Brion Gysin and William S. Burroughs, “Untitled (Primrose Path, the Third Mind, p.12)” (1965) (Brion Gysin © Archives Galerie de France; William S. Burrougs © 2016, The William S. Burrougs Trust; all rights reserved © Los Angeles Country Museum of Art, Los Angeles / dist. RMN- Grand Palais / service presse Centre Pompidou) (click to enlarge)

Burroughs soon began work on a cut-up novel, The Soft Machine, drawing material from The Word Hoard, his collection of manuscripts written in Tangier, Paris, and London that formed the motherlode manuscript that served as the basis for much of Burroughs’s cut-up writings — including Naked Lunch. He also produced a text called Dead Fingers Talk in 1963, which contains excerpts from Naked Lunch, The Soft Machine, and The Ticket That Exploded, recombined to create a new narrative. Burroughs’s artistic collaborations resulted in the cut-up technique being combined with images — Gysin’s paintings — and sound (the cut-in being a sound cut-up) via Sommerville’s tape recorders. (Some of these recordings can be heard here; while a number of cut-up films can be seen here.)

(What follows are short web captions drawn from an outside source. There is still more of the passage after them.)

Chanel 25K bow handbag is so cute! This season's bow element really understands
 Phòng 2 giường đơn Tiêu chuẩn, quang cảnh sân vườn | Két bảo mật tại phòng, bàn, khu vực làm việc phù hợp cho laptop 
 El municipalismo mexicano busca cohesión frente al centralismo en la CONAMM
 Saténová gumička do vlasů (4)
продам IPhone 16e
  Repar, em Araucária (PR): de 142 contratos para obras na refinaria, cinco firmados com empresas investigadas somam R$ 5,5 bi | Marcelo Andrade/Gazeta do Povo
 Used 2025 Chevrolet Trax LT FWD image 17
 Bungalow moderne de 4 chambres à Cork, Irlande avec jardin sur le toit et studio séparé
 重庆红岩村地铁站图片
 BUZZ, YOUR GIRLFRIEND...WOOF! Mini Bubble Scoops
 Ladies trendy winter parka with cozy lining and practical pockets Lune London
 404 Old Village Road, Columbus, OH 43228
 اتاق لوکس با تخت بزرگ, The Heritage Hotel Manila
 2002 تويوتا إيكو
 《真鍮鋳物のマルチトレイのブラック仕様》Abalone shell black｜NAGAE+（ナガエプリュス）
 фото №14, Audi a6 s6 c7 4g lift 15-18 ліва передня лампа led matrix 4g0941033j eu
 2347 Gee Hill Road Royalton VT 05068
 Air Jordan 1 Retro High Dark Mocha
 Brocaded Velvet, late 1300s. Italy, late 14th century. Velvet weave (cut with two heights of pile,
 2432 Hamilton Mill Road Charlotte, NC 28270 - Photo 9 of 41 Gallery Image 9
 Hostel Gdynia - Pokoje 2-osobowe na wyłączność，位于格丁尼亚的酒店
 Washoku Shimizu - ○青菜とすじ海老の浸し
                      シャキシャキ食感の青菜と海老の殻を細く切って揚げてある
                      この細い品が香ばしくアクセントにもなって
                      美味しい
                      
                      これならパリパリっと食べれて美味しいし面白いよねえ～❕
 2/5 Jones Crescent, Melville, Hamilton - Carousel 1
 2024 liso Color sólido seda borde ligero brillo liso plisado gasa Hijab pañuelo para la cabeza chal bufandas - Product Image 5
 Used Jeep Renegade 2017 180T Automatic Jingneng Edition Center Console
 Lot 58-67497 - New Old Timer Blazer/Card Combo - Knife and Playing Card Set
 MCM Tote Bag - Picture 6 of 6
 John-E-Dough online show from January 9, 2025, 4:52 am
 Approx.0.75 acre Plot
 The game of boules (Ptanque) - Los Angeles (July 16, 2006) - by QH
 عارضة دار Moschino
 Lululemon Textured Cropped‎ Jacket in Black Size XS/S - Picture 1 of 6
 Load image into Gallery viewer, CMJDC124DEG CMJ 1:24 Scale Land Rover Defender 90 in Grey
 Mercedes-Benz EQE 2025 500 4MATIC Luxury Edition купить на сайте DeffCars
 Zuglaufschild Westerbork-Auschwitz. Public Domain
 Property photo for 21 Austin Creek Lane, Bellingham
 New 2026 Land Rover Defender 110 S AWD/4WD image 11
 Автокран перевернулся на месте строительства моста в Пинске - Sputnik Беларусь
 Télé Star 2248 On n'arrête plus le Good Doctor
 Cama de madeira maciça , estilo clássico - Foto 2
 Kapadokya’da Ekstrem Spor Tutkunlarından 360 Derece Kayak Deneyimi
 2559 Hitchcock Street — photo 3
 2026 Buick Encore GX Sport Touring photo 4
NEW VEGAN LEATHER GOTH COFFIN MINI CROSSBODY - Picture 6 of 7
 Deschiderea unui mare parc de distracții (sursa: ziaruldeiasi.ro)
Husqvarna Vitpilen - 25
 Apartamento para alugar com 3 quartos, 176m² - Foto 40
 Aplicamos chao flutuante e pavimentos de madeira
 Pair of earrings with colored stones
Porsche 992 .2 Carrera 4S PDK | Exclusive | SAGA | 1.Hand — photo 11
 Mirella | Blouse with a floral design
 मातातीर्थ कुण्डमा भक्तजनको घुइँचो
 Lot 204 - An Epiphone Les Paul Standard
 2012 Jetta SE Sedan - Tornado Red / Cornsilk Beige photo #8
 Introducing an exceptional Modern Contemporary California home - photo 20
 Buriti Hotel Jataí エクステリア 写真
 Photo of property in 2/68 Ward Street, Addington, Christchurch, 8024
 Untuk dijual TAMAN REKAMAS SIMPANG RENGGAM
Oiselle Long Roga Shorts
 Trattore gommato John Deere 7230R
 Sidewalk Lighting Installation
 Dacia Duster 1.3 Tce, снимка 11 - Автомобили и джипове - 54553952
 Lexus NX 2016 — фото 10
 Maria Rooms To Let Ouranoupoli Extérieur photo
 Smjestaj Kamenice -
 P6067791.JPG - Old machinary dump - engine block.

Burroughs would soon begin collaborating on a book project with Gysin using the cut-up method, reassembling fragments of sentences and images to give them a new and unexpected meaning. The Third Mind is the title of the book they devised together (first published in a French-language edition in 1977) following this method. They were so overwhelmed by the results that they felt it had been composed by a third person, a third author (or mind) made of a synthesis of their two personalities. Fourteen original pages in the collection of the Los Angeles County Museum of Art are on view here and well worth a second (or third) look.

Beat literary works and their formal techniques, originally viewed with contempt and suspicion, are now part of the American literary canon. Even as Beat Generation is restricted to a precise historical framework spanning 1944 to 1969, the last cheeky words spoken in this richly historic exhibition are worth dwelling on. Burroughs, speaking in French, conveys these words to the camera. “Rien est historique” — “Nothing is historic.” Or perhaps, eventually, everything is.

Beat Generation continues at the Centre Pompidou (Place Georges Pompidou, 4th arrondissement, Paris, France) through October 3. The exhibition will then travel to the ZKM | Center for Art and Media in Karlsruhe, Germany, where it will be on view November 26, 2016–April 30, 2017.